Update - the event is for Architects not in the financial services industry (my mistake).
via Soma
Back in the days of fxCop, (before we had to pay for code analysis in Team Developer) if you didn't like an error/warning, you could have your request to ignore said message in an external central file.
With the advent of Visual Studio Team Editions for Developers 2005, suppressions were stored as attributes in front of blocks of code. Look on the bright side we were told - now you could see your suppressions inline with your code, versioned alongside, etc. But we lost some things with this as well. Now if you were doing major code sweeps adding suppressions, you would be touching lots of files, creating some unnecessary code churn.
Another scenario may involve a given developer doing a sweep for localization, or security, compliance, etc. In fxCop, different developers could have different settings & suppression files.
Well, Visual Studio 2008 to the rescue. Code Analysis will now give us back this capability.
One of the little pet projects I'm working on is to take a code analysis pass, and cross reference that with a change set. The goal is to generate a report of obvious warnings related to the code I'm churning. We can't be perfect here as sometimes code analysis will return an error to a line of code you didn't change, but it is indirectly caused by that. The only way to truly get a clean report would be to do a code analysis before & after the checkin - that might be too much. But this would definitely be a great report for a build - to compare code analysis passes on previous builds.
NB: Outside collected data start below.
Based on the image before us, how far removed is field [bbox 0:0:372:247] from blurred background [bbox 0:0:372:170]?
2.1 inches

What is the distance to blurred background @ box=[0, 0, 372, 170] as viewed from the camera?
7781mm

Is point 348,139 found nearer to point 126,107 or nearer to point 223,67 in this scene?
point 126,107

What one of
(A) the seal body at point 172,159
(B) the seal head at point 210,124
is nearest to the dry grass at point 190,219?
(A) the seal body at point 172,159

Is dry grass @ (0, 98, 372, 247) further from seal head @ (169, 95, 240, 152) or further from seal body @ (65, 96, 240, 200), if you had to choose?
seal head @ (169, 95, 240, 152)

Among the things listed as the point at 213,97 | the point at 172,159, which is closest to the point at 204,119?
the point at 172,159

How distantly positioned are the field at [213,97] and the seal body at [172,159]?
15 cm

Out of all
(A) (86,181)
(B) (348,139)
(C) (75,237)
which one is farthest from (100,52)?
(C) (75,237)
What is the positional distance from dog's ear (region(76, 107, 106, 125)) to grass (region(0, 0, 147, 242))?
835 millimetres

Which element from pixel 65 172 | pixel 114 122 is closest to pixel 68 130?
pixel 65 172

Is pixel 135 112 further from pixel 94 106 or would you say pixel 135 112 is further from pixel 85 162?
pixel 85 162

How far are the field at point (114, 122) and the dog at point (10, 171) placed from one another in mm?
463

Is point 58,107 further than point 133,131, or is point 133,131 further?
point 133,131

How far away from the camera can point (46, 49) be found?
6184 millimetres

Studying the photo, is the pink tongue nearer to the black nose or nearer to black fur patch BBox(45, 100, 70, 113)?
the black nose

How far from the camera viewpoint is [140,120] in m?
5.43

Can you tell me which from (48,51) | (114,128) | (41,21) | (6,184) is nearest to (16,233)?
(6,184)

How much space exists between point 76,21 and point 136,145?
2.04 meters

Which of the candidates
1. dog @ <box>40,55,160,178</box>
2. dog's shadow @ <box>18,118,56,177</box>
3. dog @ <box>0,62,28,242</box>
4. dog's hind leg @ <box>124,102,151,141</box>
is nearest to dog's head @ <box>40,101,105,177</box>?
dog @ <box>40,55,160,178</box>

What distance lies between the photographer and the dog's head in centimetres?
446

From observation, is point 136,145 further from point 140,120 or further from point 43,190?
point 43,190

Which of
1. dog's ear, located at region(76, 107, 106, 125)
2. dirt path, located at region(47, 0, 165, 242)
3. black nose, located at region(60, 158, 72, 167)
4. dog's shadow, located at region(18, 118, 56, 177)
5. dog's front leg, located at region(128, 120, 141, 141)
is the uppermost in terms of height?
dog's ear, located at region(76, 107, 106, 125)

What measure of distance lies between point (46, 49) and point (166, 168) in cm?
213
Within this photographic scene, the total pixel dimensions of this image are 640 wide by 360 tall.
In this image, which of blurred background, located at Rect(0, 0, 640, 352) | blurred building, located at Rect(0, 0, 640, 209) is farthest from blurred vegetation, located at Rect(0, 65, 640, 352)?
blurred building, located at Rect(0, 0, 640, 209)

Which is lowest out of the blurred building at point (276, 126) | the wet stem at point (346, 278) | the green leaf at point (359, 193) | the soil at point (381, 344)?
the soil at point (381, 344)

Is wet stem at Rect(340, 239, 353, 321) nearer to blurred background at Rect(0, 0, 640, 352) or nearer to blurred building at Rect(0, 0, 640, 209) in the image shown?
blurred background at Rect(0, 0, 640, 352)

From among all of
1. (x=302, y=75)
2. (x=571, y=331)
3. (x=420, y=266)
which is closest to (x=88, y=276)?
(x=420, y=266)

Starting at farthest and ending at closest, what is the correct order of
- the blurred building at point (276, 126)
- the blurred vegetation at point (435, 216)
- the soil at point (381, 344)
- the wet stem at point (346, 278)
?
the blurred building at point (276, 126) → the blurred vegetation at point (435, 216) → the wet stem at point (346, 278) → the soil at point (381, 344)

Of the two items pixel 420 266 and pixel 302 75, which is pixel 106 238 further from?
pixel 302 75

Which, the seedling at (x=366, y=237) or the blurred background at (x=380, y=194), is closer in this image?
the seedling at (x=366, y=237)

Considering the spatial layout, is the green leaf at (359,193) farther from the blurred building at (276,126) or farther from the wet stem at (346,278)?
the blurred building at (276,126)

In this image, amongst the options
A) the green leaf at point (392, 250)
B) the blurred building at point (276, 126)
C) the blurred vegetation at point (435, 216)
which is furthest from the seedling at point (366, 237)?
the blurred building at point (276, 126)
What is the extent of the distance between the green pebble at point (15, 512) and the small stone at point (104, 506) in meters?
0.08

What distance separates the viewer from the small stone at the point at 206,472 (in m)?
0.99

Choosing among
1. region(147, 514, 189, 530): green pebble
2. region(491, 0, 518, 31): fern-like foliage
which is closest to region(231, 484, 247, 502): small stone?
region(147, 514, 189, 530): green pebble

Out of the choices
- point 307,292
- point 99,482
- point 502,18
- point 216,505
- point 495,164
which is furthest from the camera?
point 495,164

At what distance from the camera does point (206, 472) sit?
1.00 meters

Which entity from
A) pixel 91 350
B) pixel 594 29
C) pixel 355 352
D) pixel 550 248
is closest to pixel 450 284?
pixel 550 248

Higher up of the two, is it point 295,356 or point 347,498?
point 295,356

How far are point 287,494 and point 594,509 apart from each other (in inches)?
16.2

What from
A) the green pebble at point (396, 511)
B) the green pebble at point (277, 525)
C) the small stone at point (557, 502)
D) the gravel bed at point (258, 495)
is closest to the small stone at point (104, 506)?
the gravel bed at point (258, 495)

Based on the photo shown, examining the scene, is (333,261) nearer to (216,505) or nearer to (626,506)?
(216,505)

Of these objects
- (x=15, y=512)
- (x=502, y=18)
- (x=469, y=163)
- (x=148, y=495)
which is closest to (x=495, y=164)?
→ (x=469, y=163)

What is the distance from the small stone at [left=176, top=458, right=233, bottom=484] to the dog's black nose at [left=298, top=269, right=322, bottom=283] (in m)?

Scott Guthrie announced today that the source code for the .NET Framework will be released with Visual Studio 2008. That's just awesome. Check out the post for the debugging scenario here, it's beautiful to just step right into .NET code. Of course you could have fired up reflector in the past, but this is much more streamlined and bonafide.
This is pretty genuine transparency and will give customers lots to be happy about.